What the task requires: Once you find the line with "living room featuring" in the data below, transcribe exactly each line from there to the line with "Dependienta aterrorizada ante", inclusive, and nothing else. Drop the pictures.

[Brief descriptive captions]
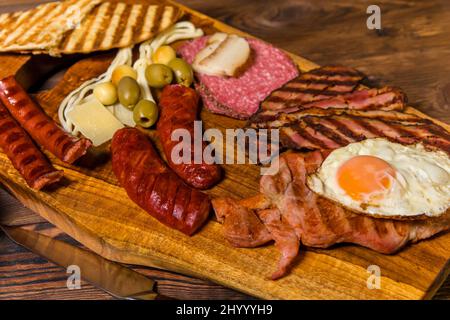 Different kinds of grilled sausages with egg. A selection of grilled gourmet meats on a rustic timber board. Grilled sausages with homemade bread. Stock Photo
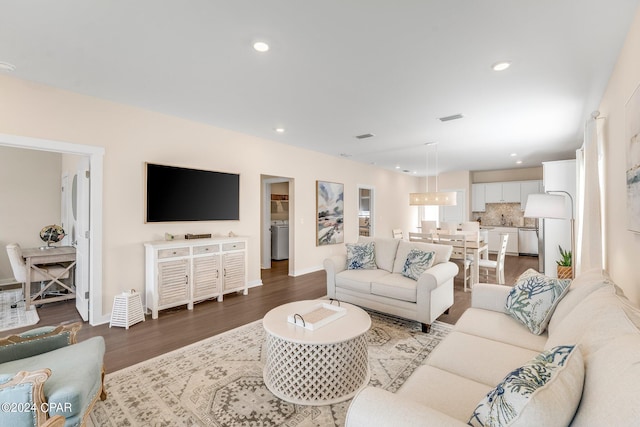 living room featuring hardwood / wood-style floors and washer / dryer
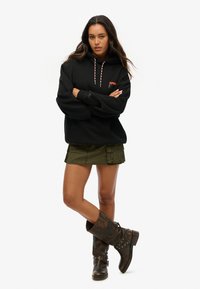 Hoodie noir surdimensionné avec des cordons contrastés rouges et blancs, associé à une mini jupe cargo verte et des bottes marron hautes jusqu'aux genoux.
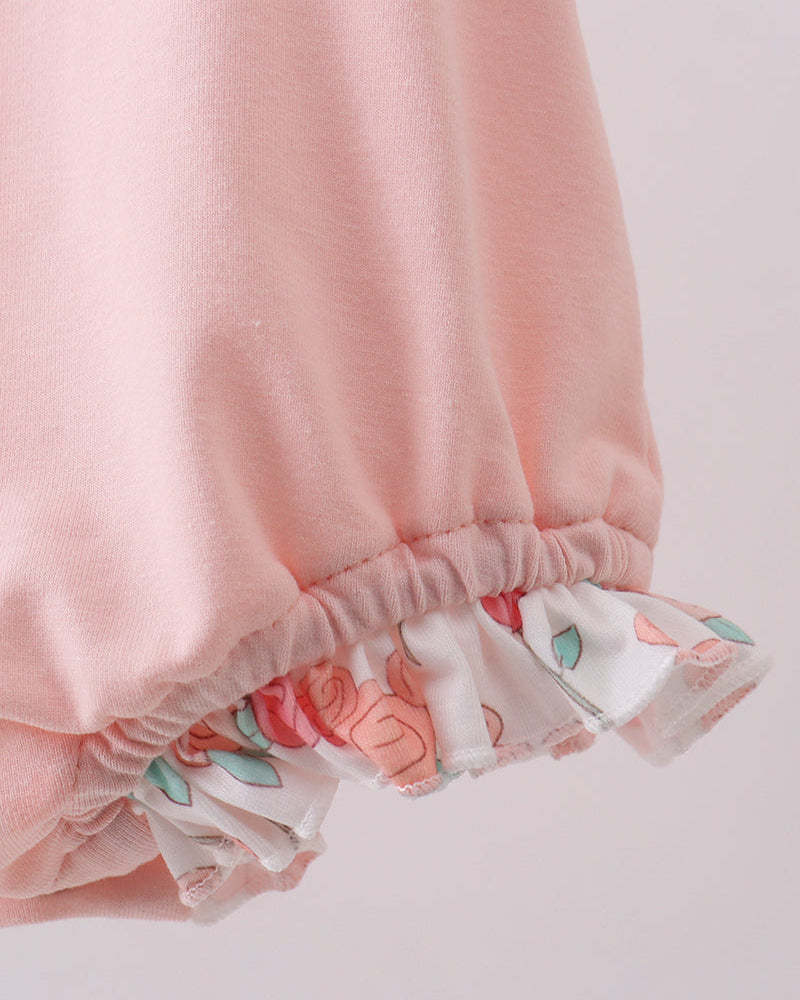 Close-up of a pink romper with floral hem on a light background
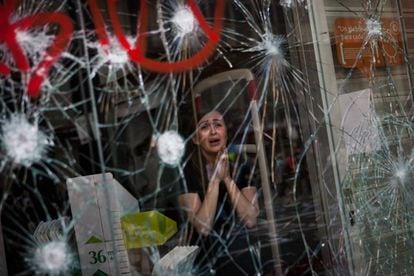Dependienta aterrorizada ante los destrozos en su local durante la huelga general del 29 de marzo de 2012.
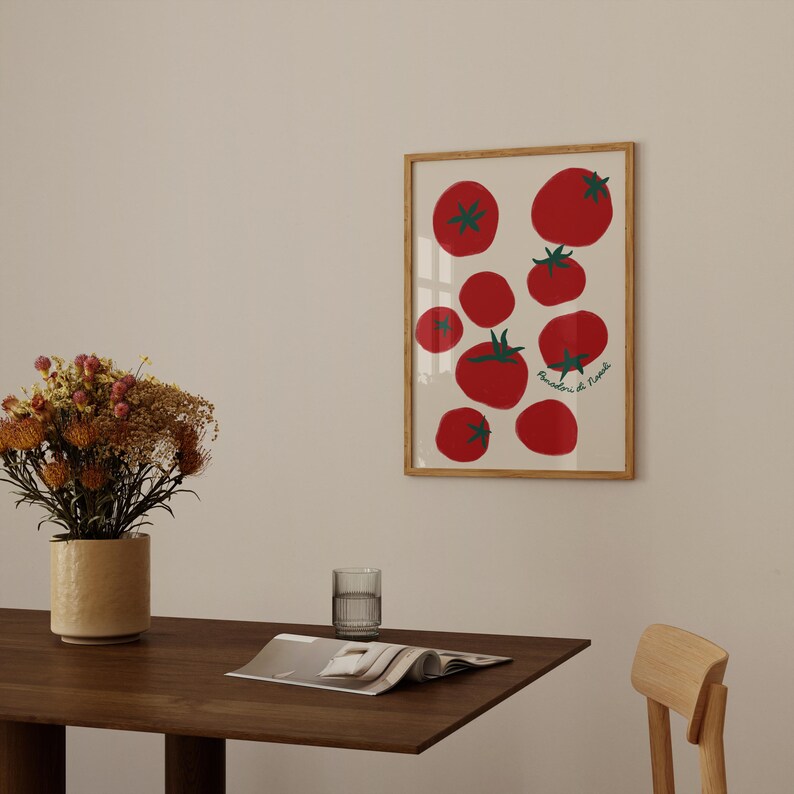 May include: A framed art print featuring a collection of red tomatoes with green stems and leaves on a cream background. The print has a wooden frame and the text "Pomodorini di Napoli" in green. The artwork is displayed on a wall.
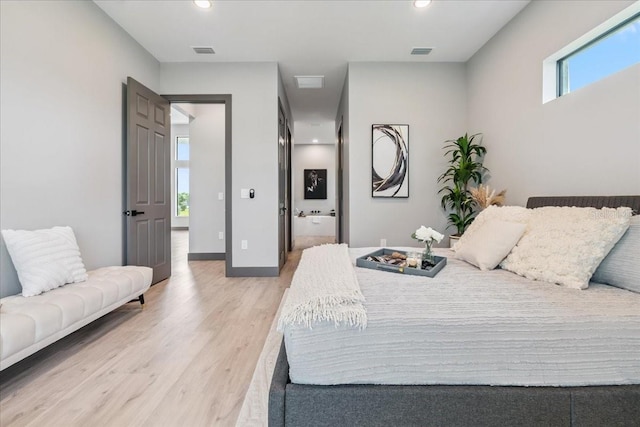 9150 Key W St, Port Charlotte, FL 33981 - bedroom featuring light wood-type flooring, recessed lighting, and connected bathroom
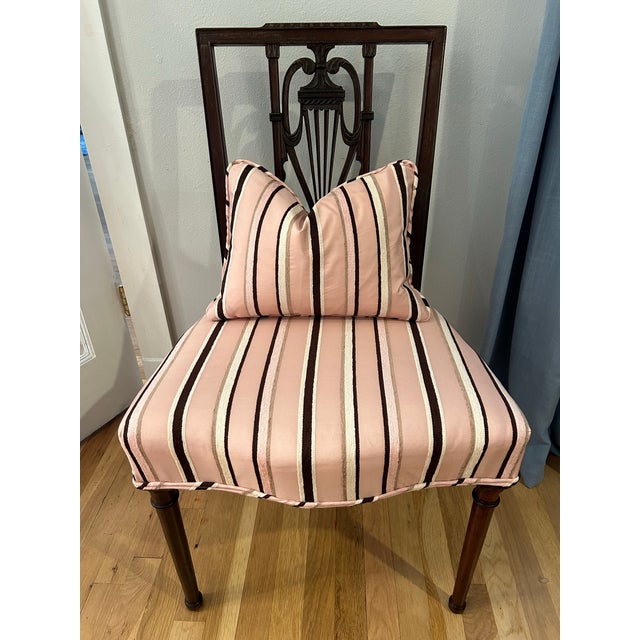 This chair was expertly crafted most probably in the early 1900’s in the Federal or Sheraton style. It could also be...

Written response:
 living room featuring hardwood / wood-style floors and washer / dryer
 Hoodie noir surdimensionné avec des cordons contrastés rouges et blancs, associé à une mini jupe cargo verte et des bottes marron hautes jusqu'aux genoux.
 Close-up of a pink romper with floral hem on a light background
Dependienta aterrorizada ante los destrozos en su local durante la huelga general del 29 de marzo de 2012.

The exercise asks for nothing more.